RAC told future will be leaner
The Springs Redevelopment Advisory board found out Thursday that life is going to get a little tougher - and tighter - under Gov. Jerry Brown's new budget.
John Haig, the county's redevelopment manager, spelled out what things might look like going forward - but kept cautioning the board that right now he and the people in the county and state redevelopment agencies are trying to make RDA calculations without any concrete numbers.
"This is all based on what we think they're saying," Haig said.
But he told the board that the Highway 12 project should proceed as the county has already sold $15 million in bonds and had a signed contract with the county's Public Works department for the project.
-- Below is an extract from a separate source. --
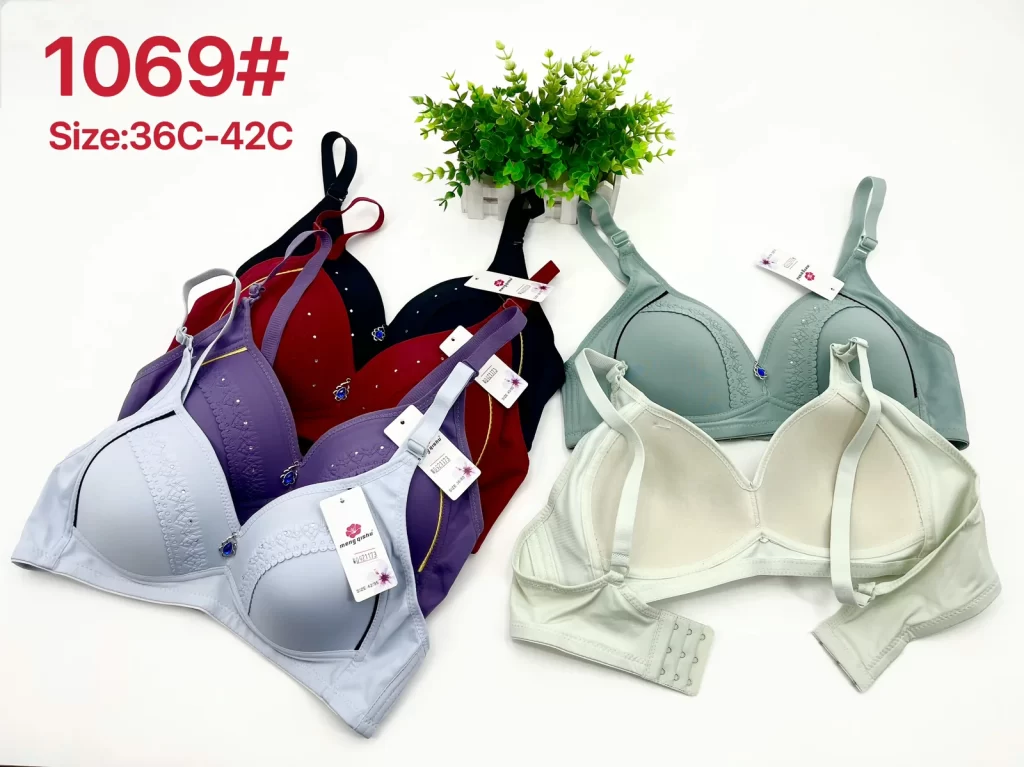 Wholesale Push-Up bra C cup model 1069 from factory 092 - China lingerie manufacturer & supplier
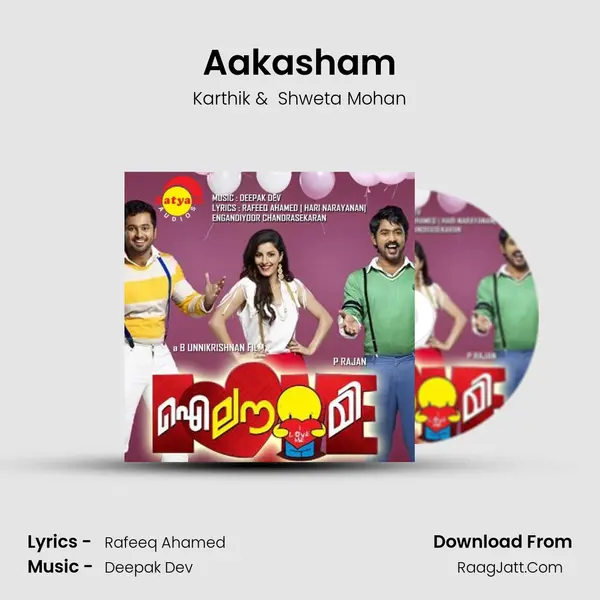Aakasham MP3 Song by Karthik Cover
Steve Cox, chair of the Springs RAC, said life will be different for redevelopment in the future.
"The state budget looks like it will be a real blow to redevelopment in the Springs. The Highway 12 improvement project is pretty well protected, but funds available for future projects will be greatly reduced by the state's grab of local tax dollars," Cox said. "At the next RAC meeting, we'll study the effects in more detail and start prioritizing our strategic projects. Lawsuits are being filed against the legislation in the budget that has, in effect, put redevelopment throughout California 'on hold' until September."
The board was told the state budget froze redevelopment agencies as of June 30, and unless a governing body, such as the Board of Supervisors in Sonoma County's case, reinstates the agency by Oct. 1, the agency would be dissolved. But in order to reinstate a redevelopment agency, the governing body would have to pay an "opt-in fee" that would be plus or minus $3 million for Sonoma County.
A couple of months back, the advisory board had requested the county put another $575,000 into the façade improvement program, but Haig told the board that until the Supervisors decide on whether or not to reinstate the agency, no more contracts for façade improvement could be signed.
And even then, the façade improvement program could be something that falls by the wayside because the redevelopment agency is going to need about $3 million for the "opt-in fee."
The $3 million fee is a one-time payment to the state to raise $1.7 billion to balance the state's budget. In future years, it could cost the redevelopment agency anywhere between about $400,000 and $700,000 to continue. And every project that gets started will add an additional fee to the yearly cost.
"As an example," Haig said, "if we've got $9 million in cash and owe $10 million for Highway 12 and another $1 million for façade improvement, we'd have to borrow $2 million and pay the state a fee on top of the interest we'd pay."
Haig put it bluntly to the board, "Do you want to borrow or pay as you go. Any new responsibility would be subject to extra charges."
Board member Dave Whiteley, who had asked about the façade improvement, asked if the proposed wayfaring signage the board has been looking at recently is also on hold, and Haig told him that it too is frozen. The agency is trying to perform due diligence on a future use of the razed Clemente Inn on Highway 12, as well as on the Vailetti property, adjacent to the Sonoma Charter School on Highway 12. Haig said the agency can't even sign an agreement with an appraiser on the Vailetti site.
Whiteley asked if the $3.2 million in affordable housing funds that could be used on the Vailetti property is in jeopardy and Haig said that affordable housing funds are not part of the governor's take back.
Al Lerma, the redevelopment associate, suggested that the yearly contracts the agency has with Becoming Independent for trash pickup on Highway 12, and with the Sheriff's office for graffiti removal, might be better converted to multi-year contracts so that the agency doesn't get charged each year for a contract.